Kauffmann v Capric
2008 NY Slip Op 02112 [49 AD3d 606]
March 11, 2008
Appellate Division, Second Department
Published by New York State Law Reporting Bureau pursuant to Judiciary Law § 431.
As corrected through Wednesday, May 14, 2008


Timothy Kauffmann et al., Appellants,
v
Iso Capric et al., Respondents.

[*1] Wingate, Russotti & Shapiro, LLP, New York, N.Y. (Scott A. Stern of counsel), for appellants.

Marshall, Conway, Wright & Bradley, P.C., New York, N.Y. (Steven L. Sonkin of counsel), for respondents.

In an action to recover damages for personal injuries, etc., the plaintiffs appeal from an order of the Supreme Court, Richmond County (McMahon, J.), dated September 21, 2006, which granted the defendants' motion for summary judgment dismissing the complaint.

Ordered that the order is affirmed, with costs.

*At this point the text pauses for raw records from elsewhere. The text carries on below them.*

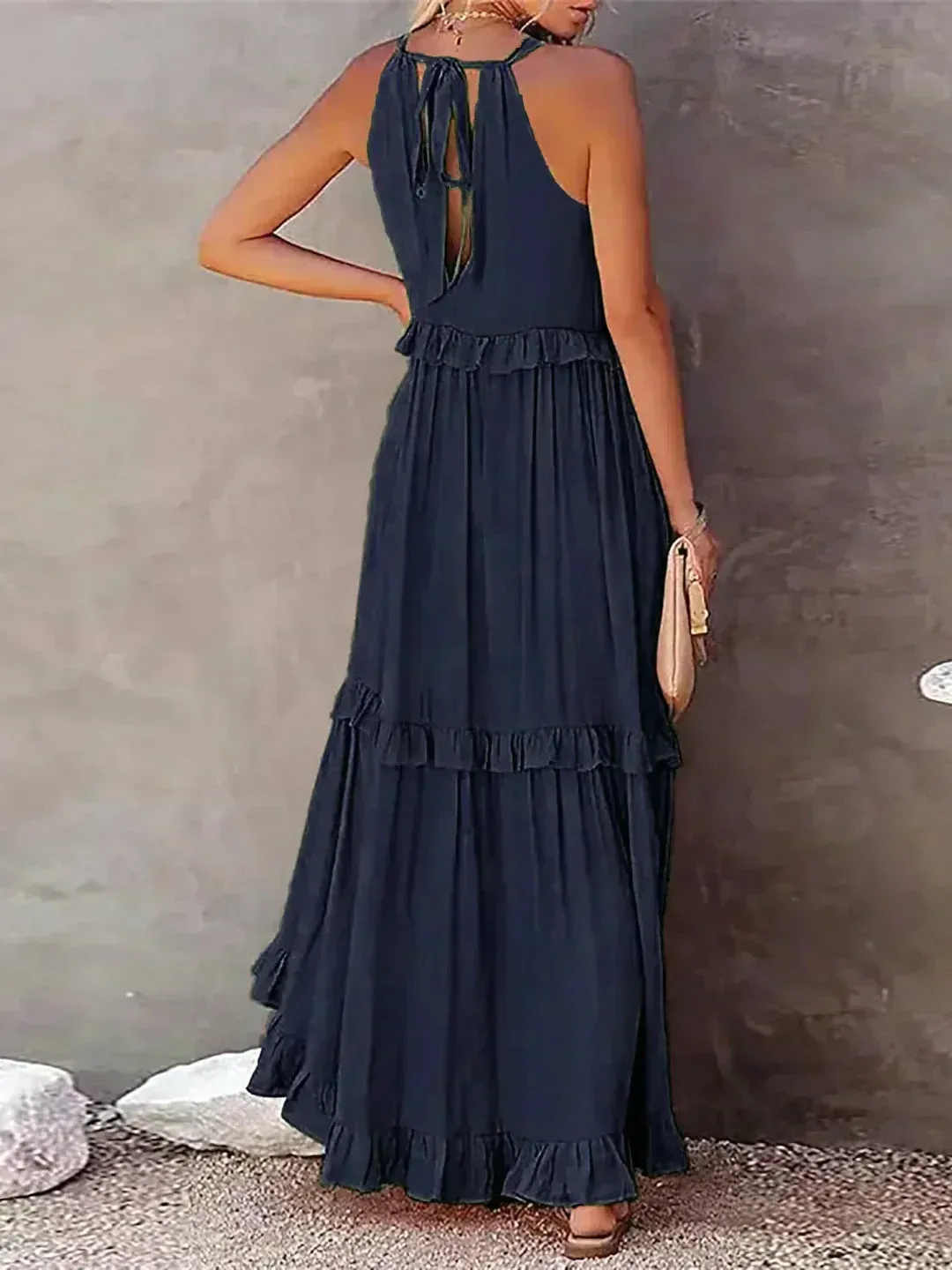 Emilia - Halter Ruffle Maxi Dress
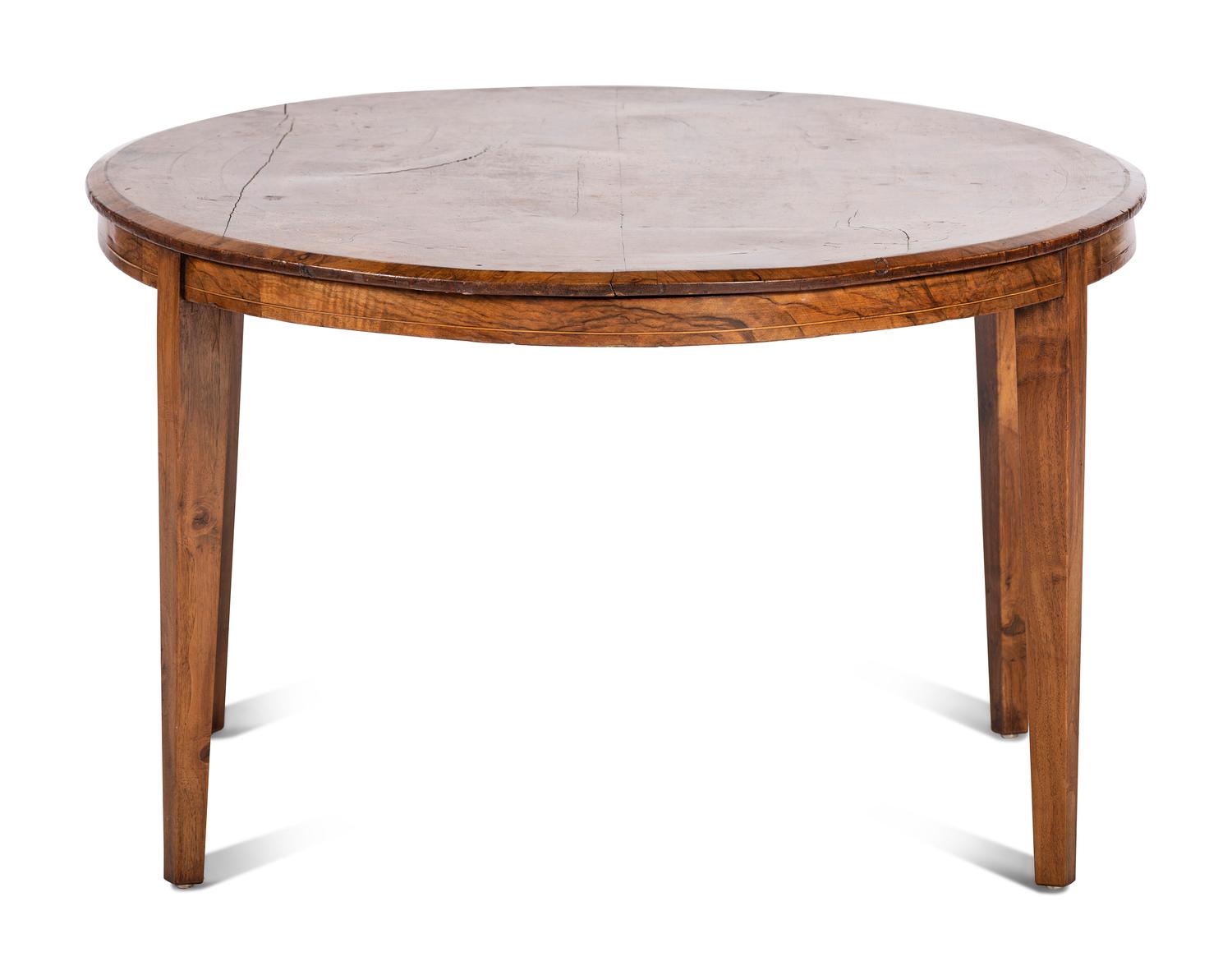 A Continental Inlaid Walnut Center Table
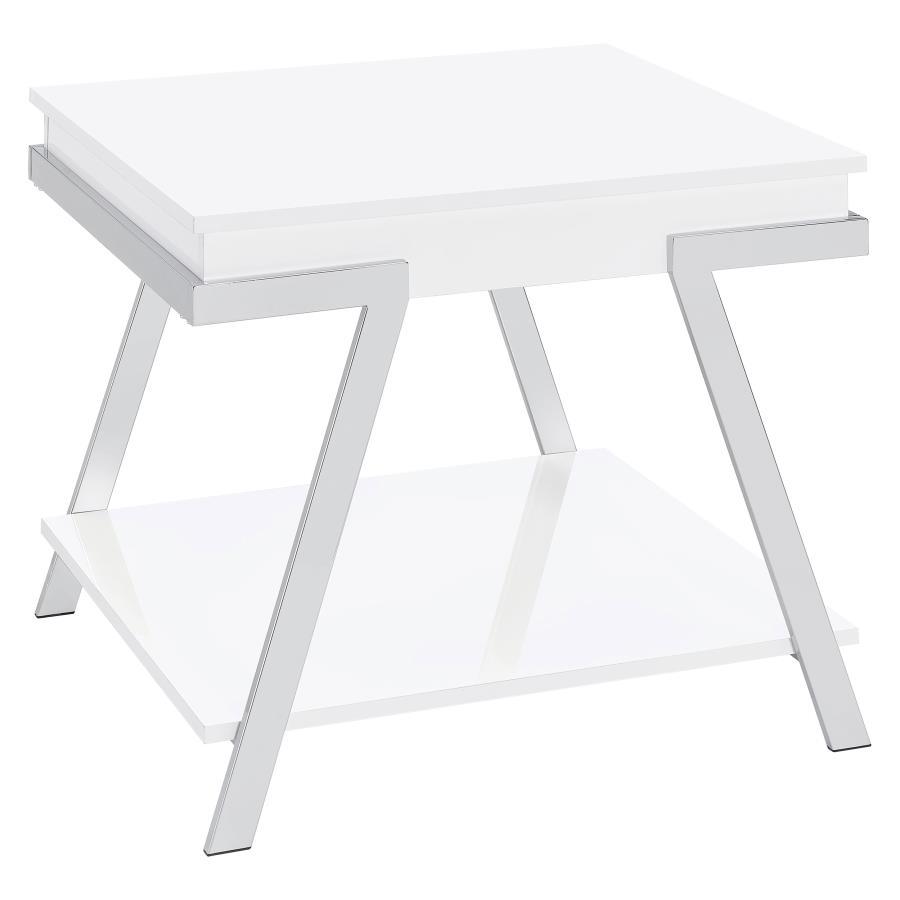 

    
Contemporary White Wood End Table Coaster Marcia 708157
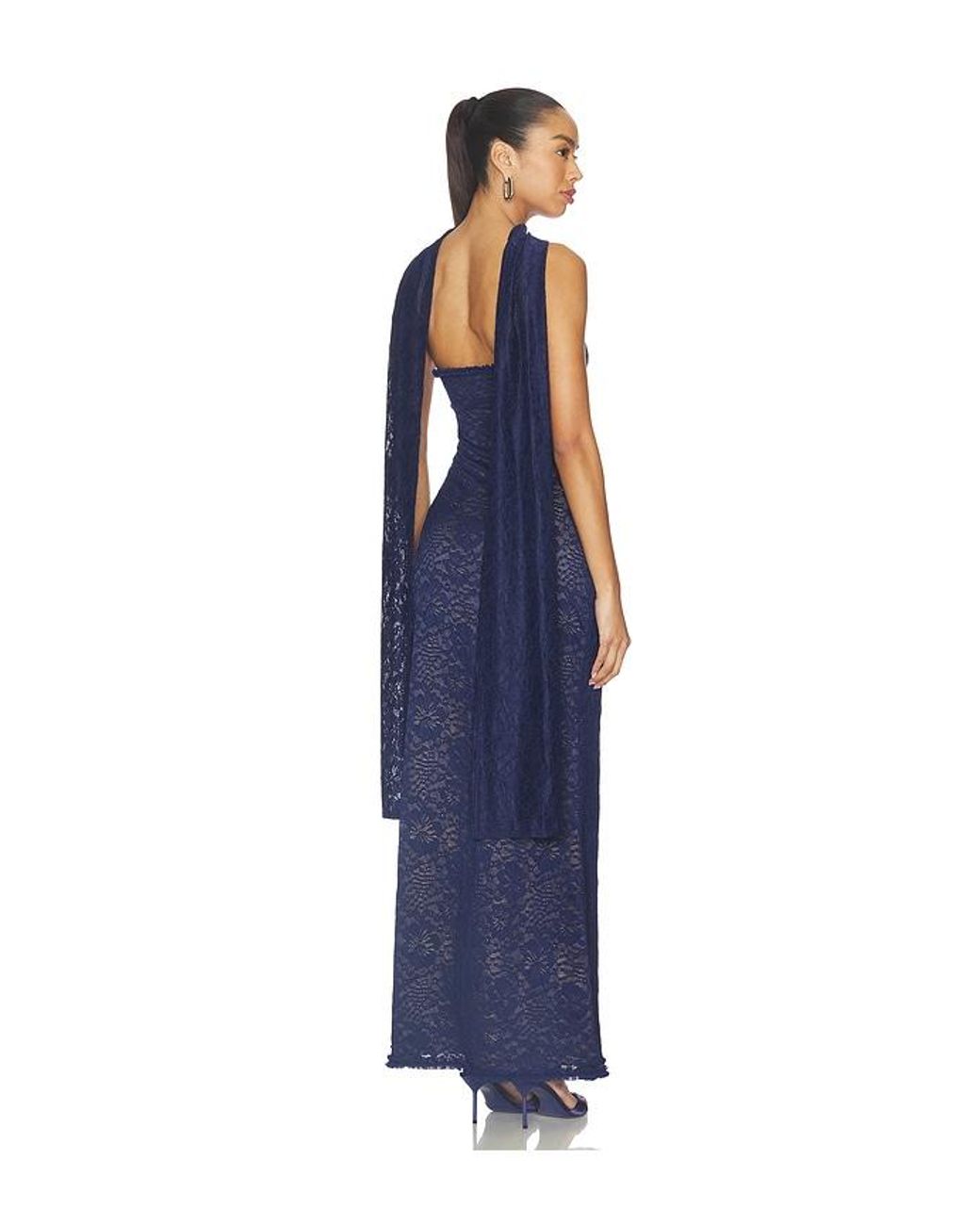 Runaway the Label Blue Amana Strapless Scarf Maxi Dress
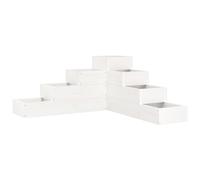 vidaXL Garden Planter 4-Tier 80.5x79x36 cm White Solid Wood Pine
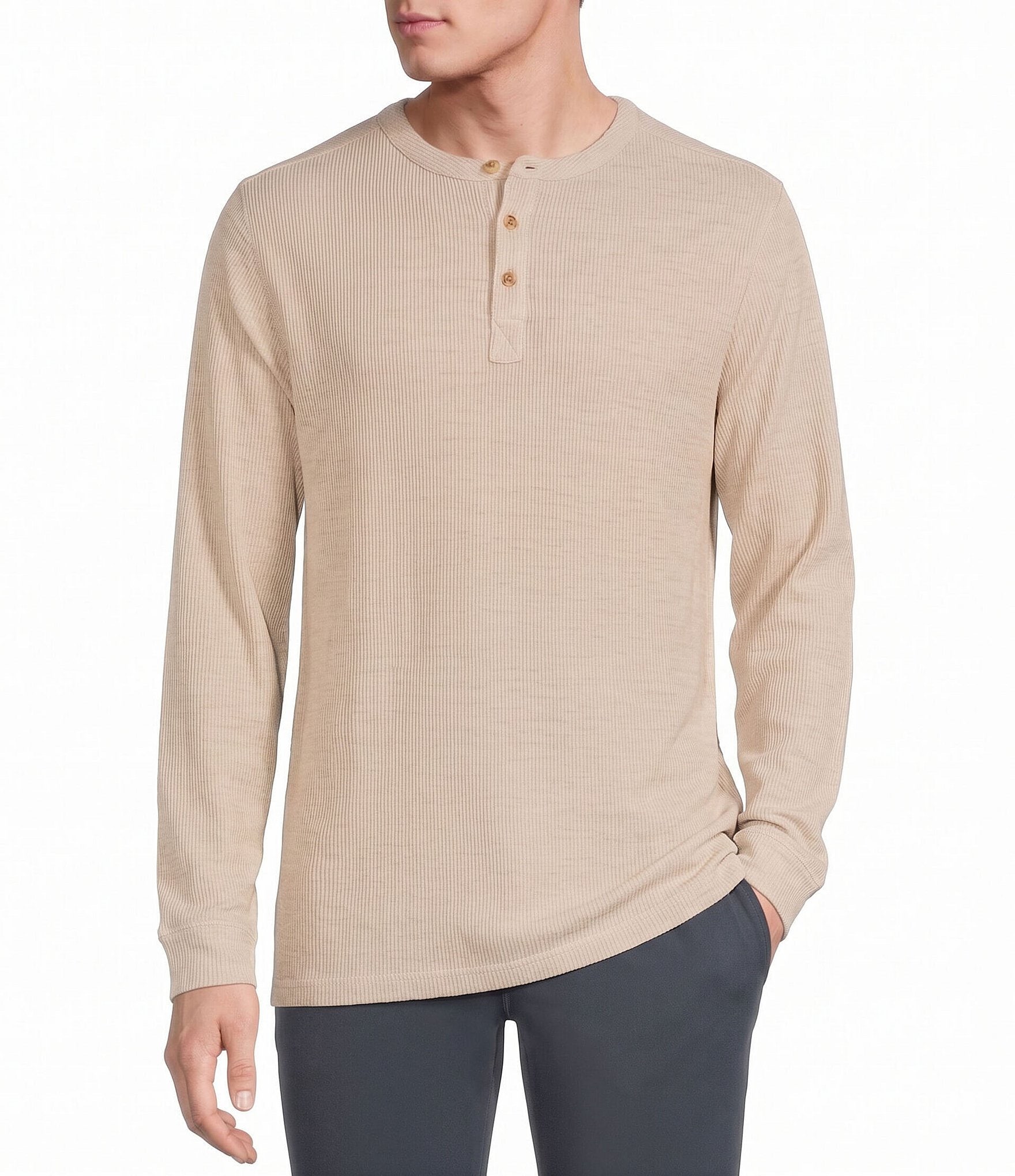Rowm Long Sleeve Solid Ribbed Henley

In response to the defendants' showing that they neither created nor had actual or constructive notice of the alleged hazardous condition complained of for a sufficient length of time to discover and remedy it, the plaintiffs failed to submit admissible evidence sufficient to show the existence of a triable issue of fact (see Gordon v American Museum of Natural History, 67 NY2d 836 [1986]; Arrufat v City of New York, 45 AD3d 710 [2007]; Seabury v County of Dutchess, 38 AD3d 752 [2007]; Britto v Great Atl. & Pac. Tea Co., Inc., 21 AD3d 436 [2005]). Accordingly, the Supreme Court properly granted the defendants' motion for summary judgment dismissing the complaint (see generally Alvarez v Prospect Hosp., 68 NY2d 320, 324 [1986]). Mastro, J.P., Florio, Miller and Dickerson, JJ., concur.